Derzeit gibt es fünf GHTP, welche alle auf der Tel Nof Airbase südöstlich von Tel Aviv stationiert sind. Drei sind aber derzeit, aus diversen Gründen, nicht flugfähig. Dort betreibt IAI mit Airbus einen Technikbereich und die IAF hat eine israelisch-deutsche Staffel (Red Baron Squadron) gegründet, die als Operateure den GHTP vor Ort betreiben. Derzeit steht hier der Ausbildungsbetrieb für die deutschen Operateure an. Diese werden vor Ort durch Fluglehrer sowohl von IAI, wie auch der IAF, ausgebildet. Die Staffel wird von Israelis geleitet.

Der GHTP ist eine Anpassung des EITAN an die deutschen Wünsche. Die Sensorik der Kameras wurde erheblich verbessert und ist der des EITAN überlegen. So überlegen, dass man in der IAF nachdenkt, die EITAN entsprechend nachzurüsten. Zudem kann der GHTP mit einem SAR (Radarsensor) und GMTI (Ground Moving Target Indicator) ausgerüstet werden, was der EITAN so nicht hat.

Mit Hilfe dieses Radarsensors besitzt der GHTP eine Allwetterfähigkeit und Möglichkeit komplette Räume auf Bewegungen am Boden zu überwachen. Es sind genügend Schnittstellen und Leerräume vorhanden um ggf. den GHTP von seinen Möglichkeiten zu erweitern, sofern Deutschland dies möchte. Hier zu nennen wäre ein SIGINT-Sensor parallel zur Kamera und dem Radar, ein Seeüberwachungsradar oder auch Selbstschutzmöglichkeiten gegen Bedrohungen.

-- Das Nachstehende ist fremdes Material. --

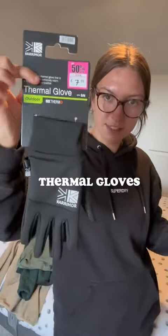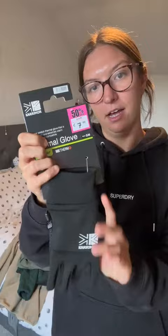And last but not least, a pair of thermal gloves. These are from Sports Direct — they're $7.99. They've got some grips on them, and I think they'll be great.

Letztlich kann der GHTP bewaffnet werden. Das Wirkmittel ist israelisch und unterliegt einer sehr strengen Geheimhaltung. Es kann gesagt werden, dass die Luftwaffe oder Bundeswehr bislang über kein Wirkmittel verfügt, was ähnliche Fähigkeiten hat. Im Endeffekt war es dieses Wirkmittel, was es in Verbindung mit dem HERON TP gibt, was 2017 zur Entscheidung geführt hat, den GHTP als Nachfolger zum HERON 1 zu nehmen und nicht den US MQ-9 REAPER.

Nachdem der Bundestag letztes Jahr die sehr leidige Drohnendebatte beendet hat, wird nun auch geplant, die Bewaffnung in den GHTP zu integrieren und die Operateure entsprechend auszubilden.

Was heißt nun, dass Deutschland die zwei GHTP in Tel Nof den Israelis erstmal überlässt? Das wird bedeuten, dass Israel über zwei hocheffektive Plattformen verfügen wird, die der Sensorik der eigenen Plattformen nicht nachsteht sondern teilweise eher übertrifft. Es heißt auch, dass wir derzeit nicht wissen, wann und wie die Ausbildung deutscher Crews weitergeht und ob es Verschiebungen für den Flugbetrieb in Deutschland geben wird.

(Archivbild Oktober 2021: Ein deutscher Einsatzoffizier vom Taktischen Luftwaffengeschwader 51 „Immelmann“ steht vor der Drohne wäŠhrend der Heron TP-Ausbildung auf der Air Force Base Tel Nof/Israel – Falk BäŠrwald/Bundeswehr)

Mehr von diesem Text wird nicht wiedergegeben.